Charteris, Henry (1565-1628) (DNB00)
CHARTERIS, HENRY, the younger (1565–1628), minister and principal of the university of Edinburgh, eldest son of Henry Charteris, Scottish printer [q. v.], was educated at the university and graduated as M.A. in 1587, having been a student of the first class taught by Rollock, which numbered four future professors, two of whom, Charteris and Patrick Sands, became principals. Ten years after, on the death of Rollock, Charteris was appointed principal, having been recommended to the office by Rollock on his deathbed. To the principalship was then attached the professorship of divinity, and the salary, which had been four hundred, was increased in 1601 to six hundred marks. In 1617, when James I visited Scotland, a disputation was held before him at Stirling Castle by the professors of the university, but the modesty of Charteris led him to decline to take part in it.
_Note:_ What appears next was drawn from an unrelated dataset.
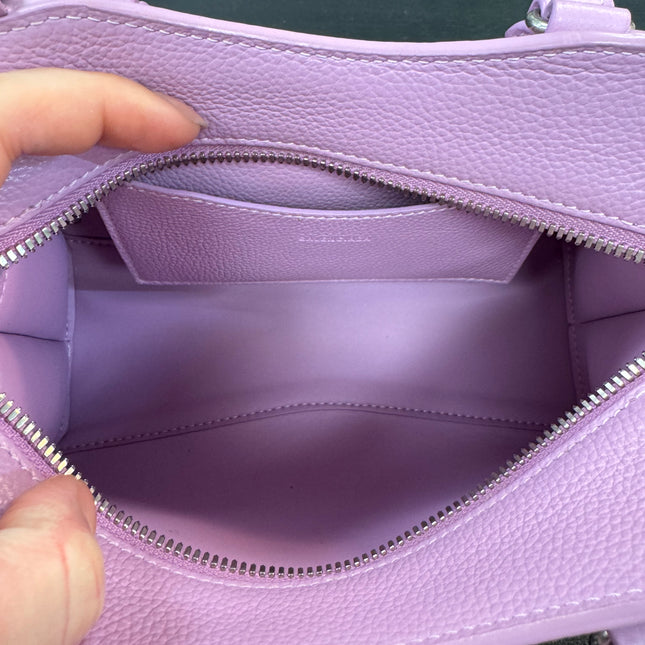 Sac Mini Neo Classic Balenciaga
Among the royal puns on this occasion upon the names of the professors that on Charteris is said to have been, 'His name agreeth very well unto nature, for charters contain much matter yet say nothing, but put great purposes in men's mouths.' On 20 March 1620 Charteris resigned his office, having been called to be minister of North Leith. On 19 April 1627 he was recalled to fill the chair of professor of divinity, with a salary of a thousand merks and a house. He died in July 1628. He is described as a man of much learning, but the same modesty which prevented him from disputing before the king led him to write nothing except a revision of the Latin life by Robertson, one of the ministers of Edinburgh, his master and friend, Principal Rollock, published by the Wodrow Society in 1826.
[Dalzell’s and Grant's Histories of the University of Edinburgh; Hew Scott's Fasti Eccl. Scot. i. 93; Wodrow edition of Rollock's Works.]